Изменить размер шрифта - +
Чем больше рассказывал, тем мрачнее становилось милое личико боярышни. Лишь однажды оживилась она - когда упомянул Пчёлко о воеводе Серегее.

    Очень вовремя вернулся домой Пчёлко. Ни на день не опоздал. Да только зря. Наверное, вина было выпито на радостях слишком много. Или это дорога вымотала последние силы воина. Но, когда подступила ночью беда к воротам межицкой усадьбы, не встал у нее на пути воин Пчёлко с саблей в руке. Не услышал, как сначала зашлись лаем, а потом захлебнулись хрипом сторожевые псы. Не слышал, как тихо повернулись на смазанных петлях ворота и хлынули во двор чужие. И как побили немногих, осмелившихся встать на пути чужаков. Спал Пчёлко. Так крепко спал, что не услышал даже, как закричала боярышня. Даже когда толкнули его в горло острием собственной сабли, не проснулся воин Пчёлко, лишь похрапывать перестал.

    Глава восьмая

    Богумилы

    - Что личико воротишь, госпожа межицкая? Страшно узреть деяния диавола?

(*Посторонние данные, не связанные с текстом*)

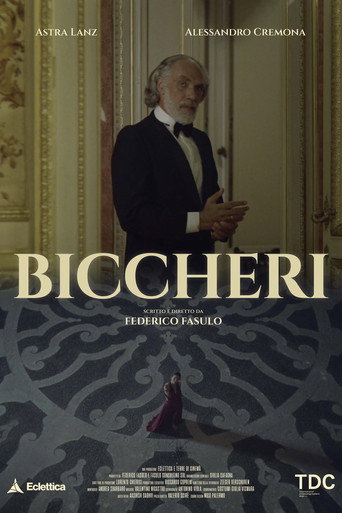Biccheri movie poster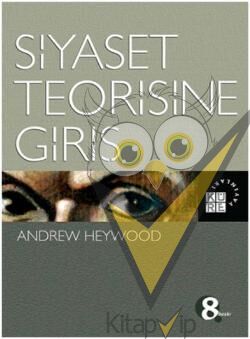 Siyaset Teorisine Giriş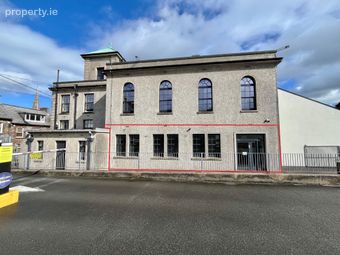 Gonzaga House, 23 Weafer St, Enniscorthy, Co. Wexford, Enniscorthy, Co. Wexford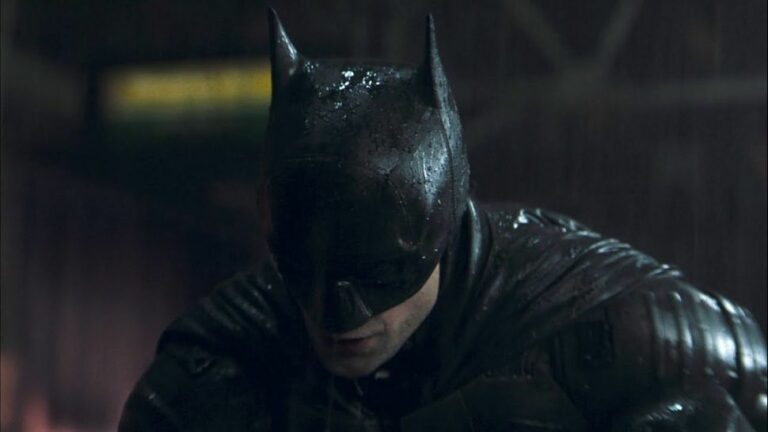 Matt Reeves confirms Arkham Asylum will be major part of 'The Batman' spinoff series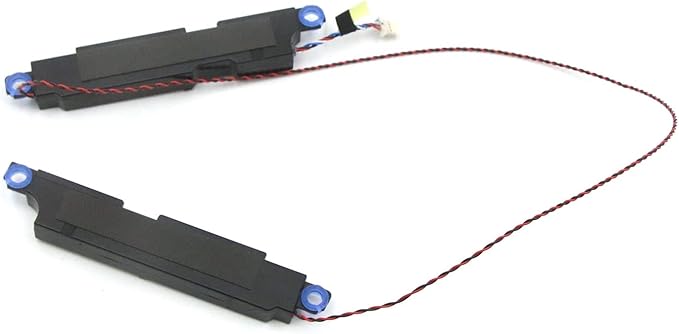 New for Ideapad Yoga Slim 7 Pro 16ACH6 82QR Slim 7 Pro 16ACH6 82QQ Speaker Kit L+R 5SB0S31964 Laptop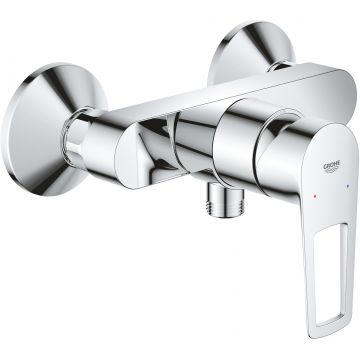 Baterie dus Grohe BauLoop  crom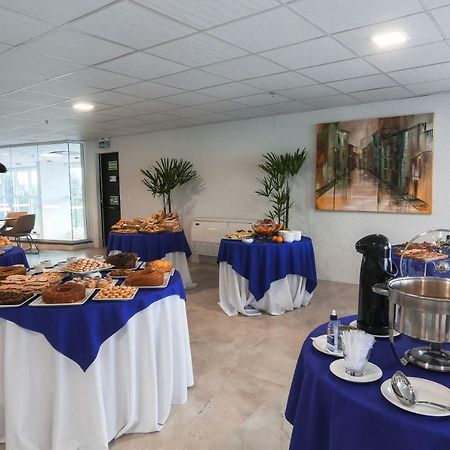 Dall'Onder Axten Hotel Caxias do Sul Esterno foto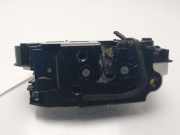 Türschloss Rechts Hinten 5N0839016D Volkswagen (5N1) Sport 140 CV / 103 KW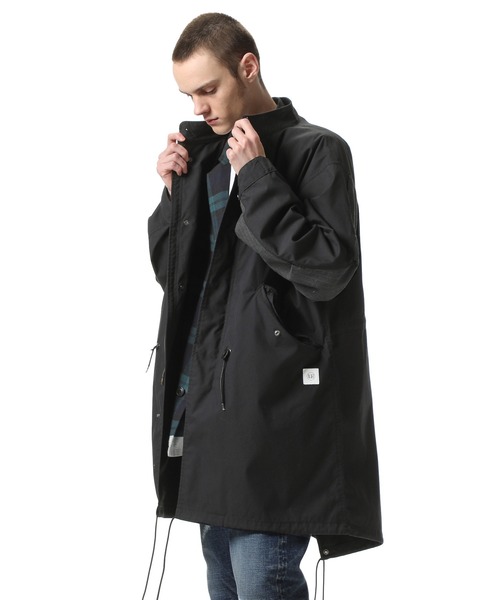 uniform experiment（ユニフォームエクスペリメント）の「SLEEVE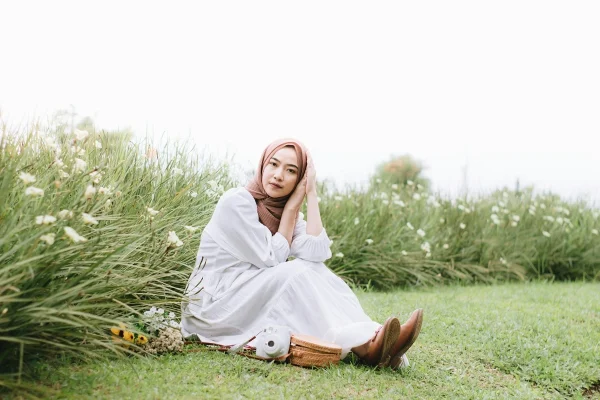 Turkish Hijab Wear 2025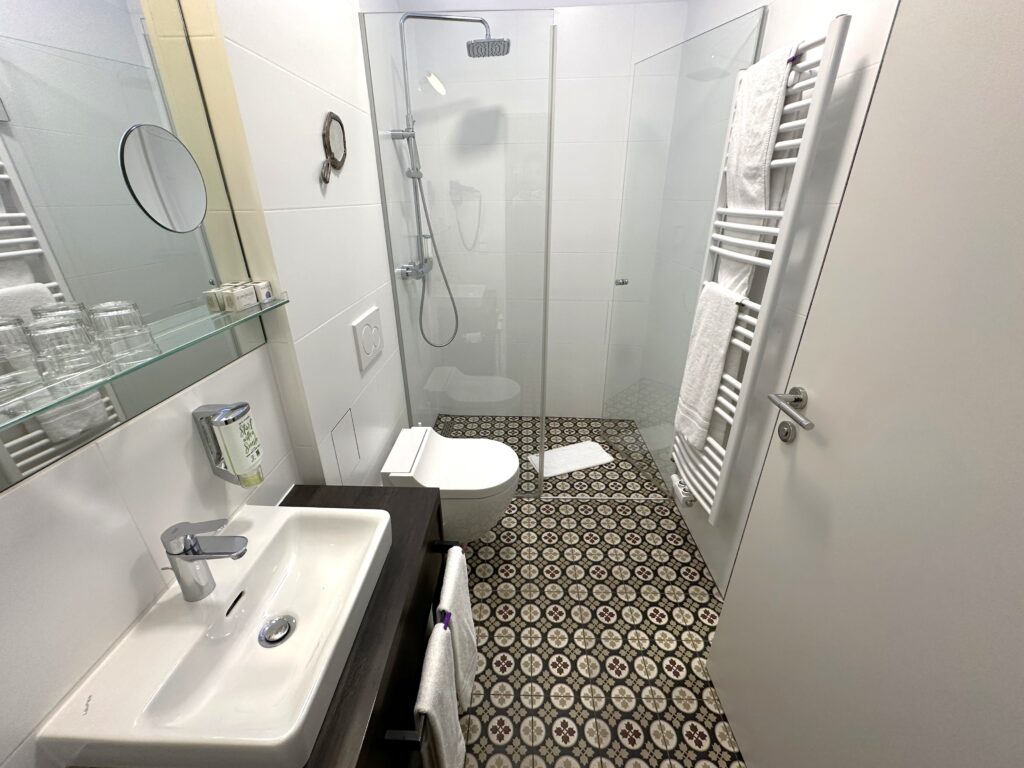 Hotel boutique para se hospedar em Viena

    - Вонь от тебя, еретик - как от дохлого пса... - Людомила хотела бросить эти слова в закрытое маской лицо «праведного» дерзко и яростно, но голос подвел, сорвался, вместо звонкой отповеди получился жалкий сип.

    - А-ха-ха! - развеселился «праведный». - Нам хула не в диковинку, боярышня. То бес в тебе вопиет, да куда ему против истины! Ничего, беса сего мы обратаем. Седмицы не минет - будешь мне гузно лизать!

    «Праведный» ростом мал, под рваной рубахой - тощее тельце, бородка жидкая, пегая... Но голос зычный, как у воеводы.

    - Быть тебе на колу... - шепчет Людомила. Ей больно, страшно и стыдно: простоволосой, босой, в одном исподнем - перед озверелым мужичьем.

    Врасплох взяли Межич богумилы. В дом вошли без звука (впустил кто-то из челяди), Людомилу прямо из постели вытащили... Выволокли во двор, а там уже полно чужих. Шарят по клетям, по сараям, тащат добычу... У стены конюшни - кучей трупы. Даже холстом не прикрыли, еретики проклятые. А посреди всего этого содома, в отцовом, вытащенном из дома кресле - «праведный». Сидит важно, как болярин. Рядом - две девки незнакомые. Одна чашку с маслом оливковым держит, другая - с вином. «Праведный» жрет хлеб. Мяса они не употребляют: по их еретической вере животных убивать не положено. Даже курицу задушить - грех. Курицу - грех, а человека, значит, можно...

    Жрет «праведный». Хлеб то в вино окунет, то в масло. Глаза в прорезях маски - хитрые, подлые...

    - Что, госпожа межицкая, ужель не рада?

    Держат Аюдомилу два мужика. Рожи брезгливые, словно не боярышню держат, а лягуху склизкую. Ну да, по их вере женщина - сосуд с грехом.

    А невинная девица - особая мерзость, потому что - видимость лживой чистоты. А по их вере все в жизни - грязь. И грязь эта должна быть явной. Потому велят еретикам их дьяволы-пастыри в самом грязном паскудстве жить: в блуде сатанинском, в грехе свальном. Ибо чем грязнее человек, тем слабее его связь с этим миром, а душа, следовательно, ближе к освобождению.

    Все это Людомила от другого «праведного» слышала. Успел кое-что наболтать, отродье бесово, пока Пчёлко его не зарубил.

    Пчёлко, Пчёлко... Где ты, верный друг?

    Людомила поглядывала на трупы у конюшни, пытаясь разглядеть: нет ли среди мертых тела ее управляющего. Если Пчёлко сумел уйти, есть надежда...

    - Холопа своего высматриваешь? - догадался «праведный». - Там не ищи. Не пришел еще твой холоп к освобождению. И долог будет его путь. Эй, кликните Пижму, пусть тащит сюда нечистую тварь, управляющего здешнего!

    - Нету Пижмы, праведный, - пробасил один из державших Людомилу.